Tibetan dilemmas

On Shashi Tharoor, ‘India’s balancing act’, Guardian Comment, April 17, 2008

Deepak Tripathi

Mr Tharoor explains India’s dilemma over Tibet eloquently. However, the nature of such dilemmas is wider.

At times, I would prefer the country of my birth to be a little more outspoken on the behaviour of its neighbours, China and Burma in particular. Tibet has hit the headlines because of the coming Olympics in Beijing. The events in Burma and the treatment of Aung San Suu Kyi are no less disturbing.

In my view, Suu Kyi is the bravest human being living today. However, the Indian leadership has to think of the consequences of rhetoric which cannot be followed through. It is uncomfortable, but India would justify its caution as necessary.

We have seen how short-lived Britain’s ‘ethical foreign policy’ under the Foreign Secretary, Robin Cook, was in the late 1990s. And the consequences of the encouragement President Bush Sr appeared to offer the Iraqis as America defeated Saddam Hussain in the Gulf War to liberate Kuwait in early 1991.
 
Bush told the Iraqis ‘to take matters into their own hands and force Saddam Hussain, the dictator, out’. That one sentence ignited a series of rebellions by the Iraqi Shi’a community in the south and the Kurds in the north. They were brutally suppressed, with appalling human loss.
 
There is a lesson to be learned from episodes like these. World leaders should think carefully before making statements that could provoke bigger crises, which they have no ability or willingness to deal with.

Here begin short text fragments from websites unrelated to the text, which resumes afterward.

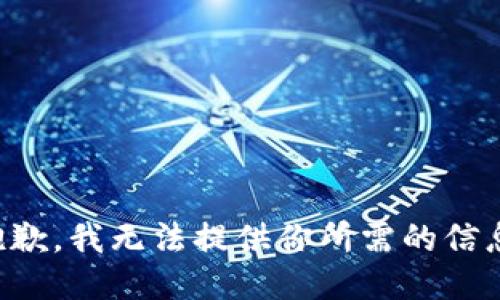 抱歉，我无法提供你所需的信息。
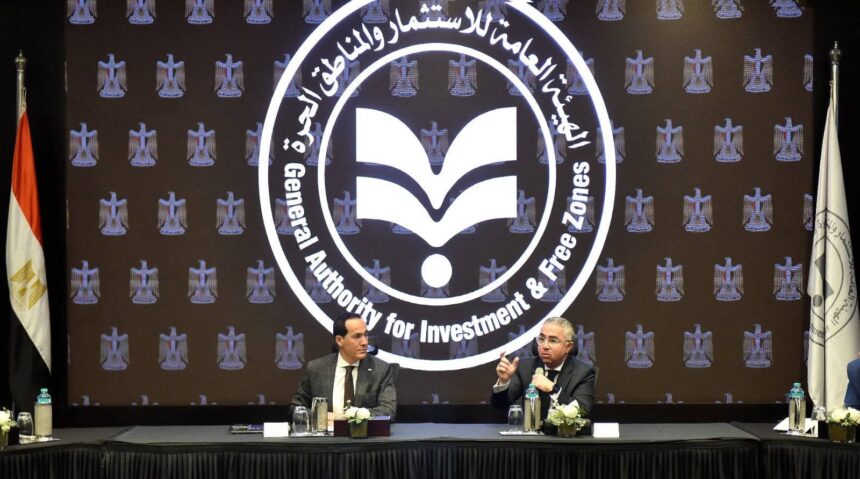 GAFI, ITDA explore solutions to investor challenges in commercial registry procedures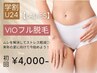 【学生人気No.2★レディース脱毛】VIOフル脱毛 初回4,000円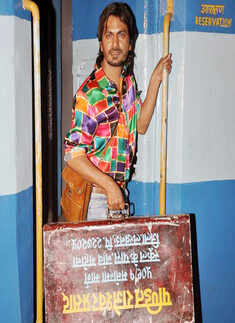 Ghoomketu: Movie Launch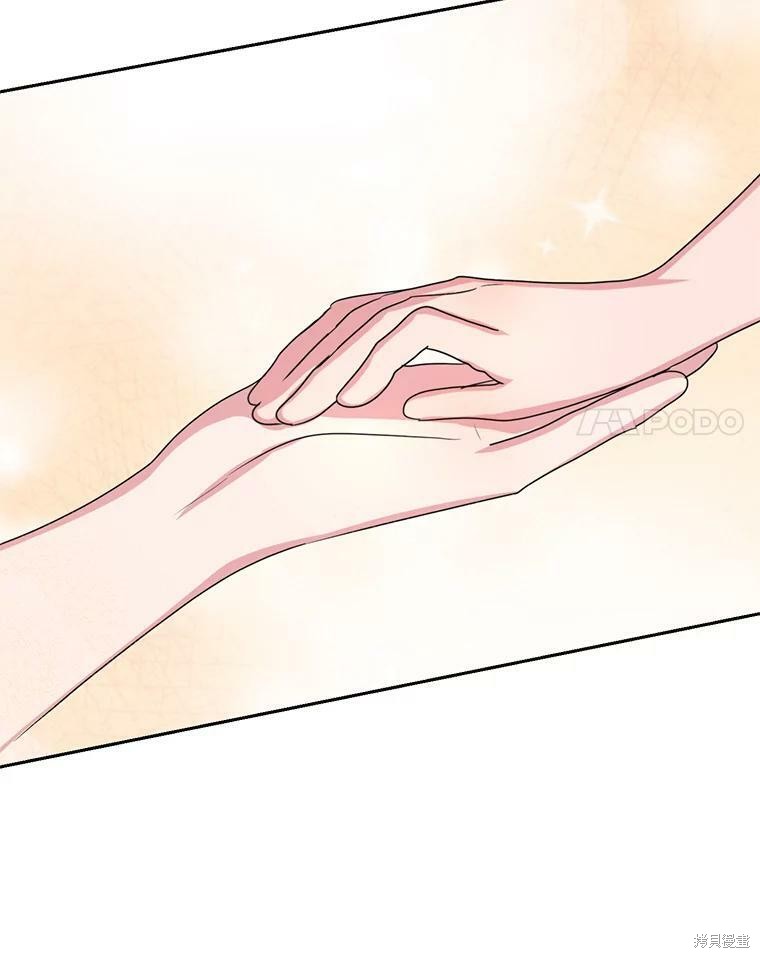 《作为恶女活下去》漫画最新章节第35话免费下拉式在线观看章节第【96】张图片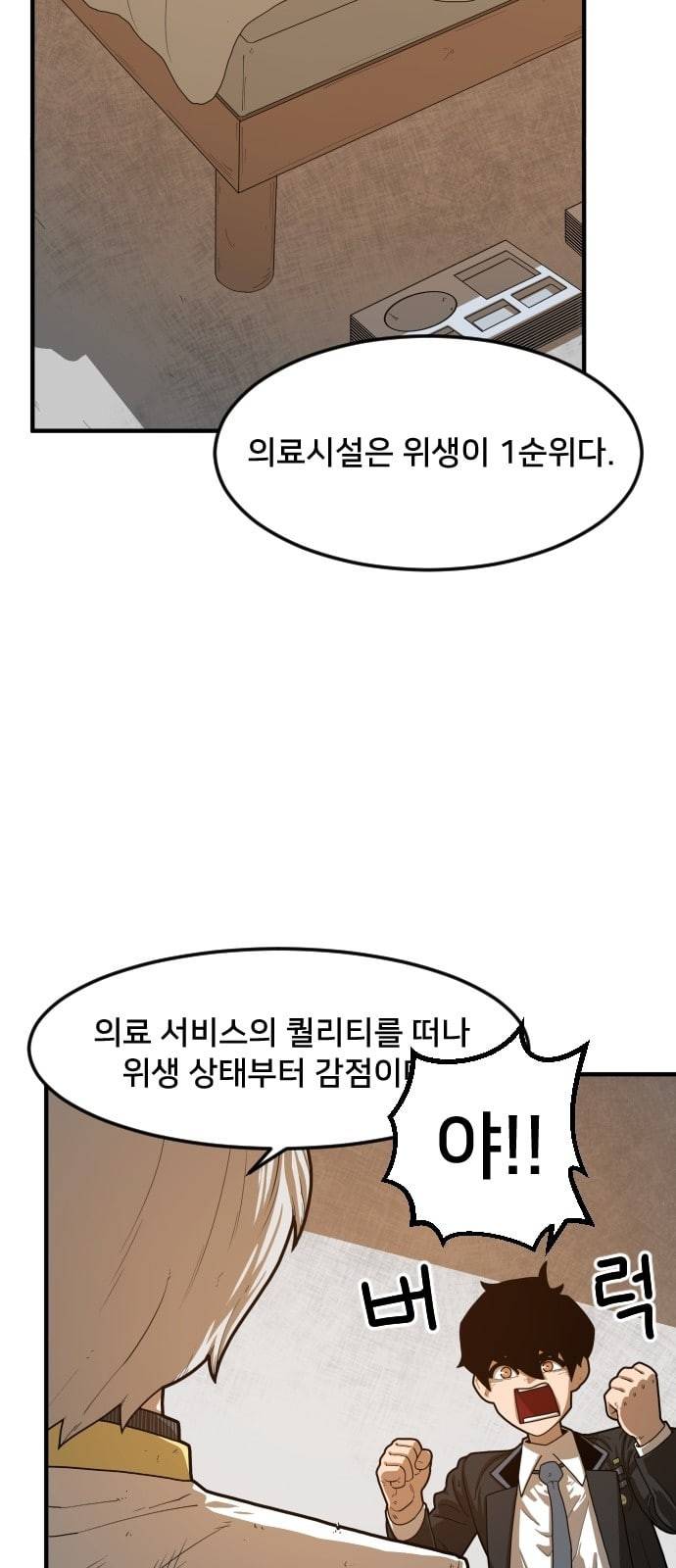 학교정벌 3교시 군계일학 46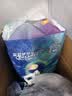 宜婴新梦想家全包臀小内裤4XL30拉拉裤超薄尿不湿【未检出甲酰胺】 实拍图
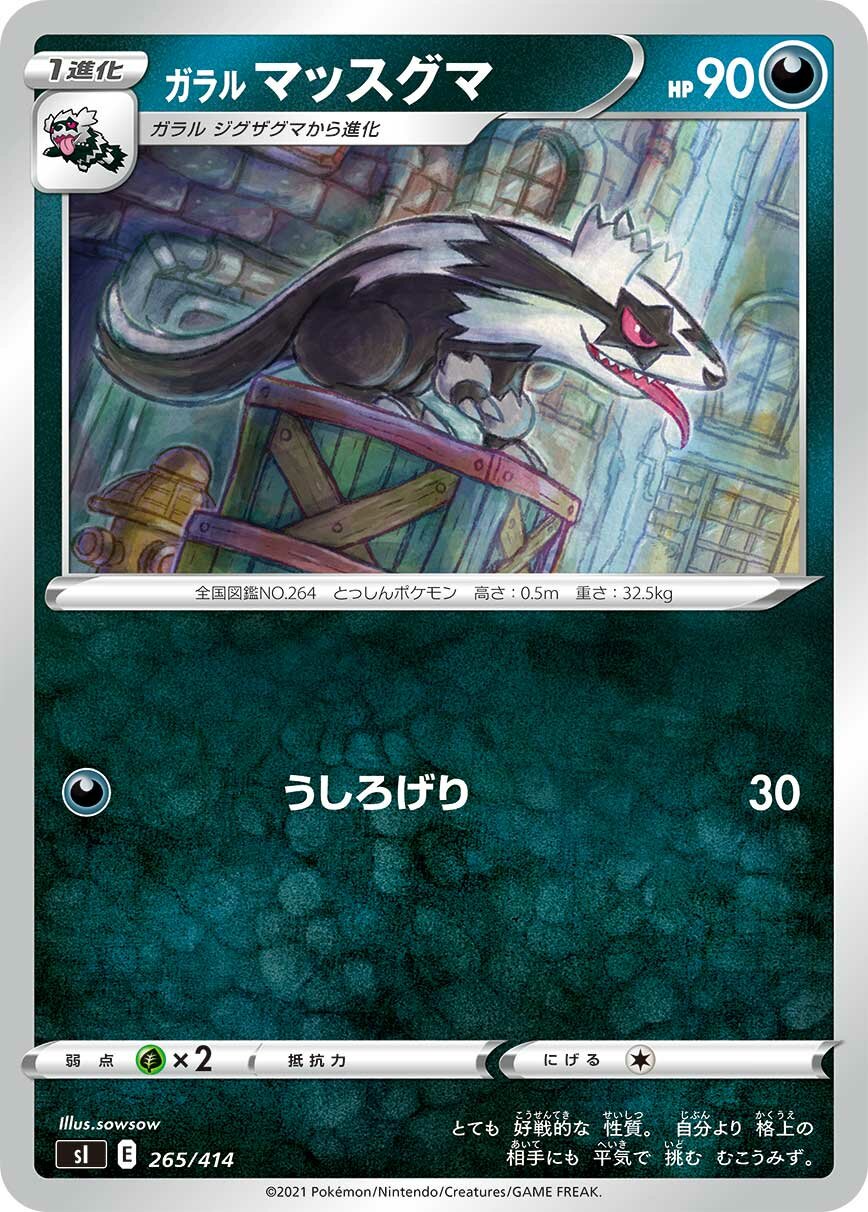 Galarian Linoone 100/422 — Start Deck 100 (Japanese Pokémon TCG card)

Dilemmas before neighbours of China and Burma are far more serious than those faced by the West. India has to weigh the risks of making statements that might provoke more protests in Tibet, leading to yet more brutal suppression by China, with a possible refugee crisis and consequences for the carefully balanced relationship with Beijing.

These realities prevail over moral considerations in the neighbourhood just as they do in Europe and the United States, where people’s lifestyles are enriched by cheap goods made in China and the Chinese keep their billions of dollars invested in government bonds and on the stock markets. Otherwise, the American economy would be in deeper trouble.

In the mind of Robert Mugabe

On Gideon Rachman, ‘The mind of the dictator’, FT International Affairs Blog, April 4, 2008

Deepak Tripathi

What must be going on in the mind of Robert Mugabe? An interesting question. The honest answer is that we do not exactly know. But speculation is a wonderful mental exercise. And what we have learned about people with a violent past (tyrants and guerrilla leaders alike) gives us some clues.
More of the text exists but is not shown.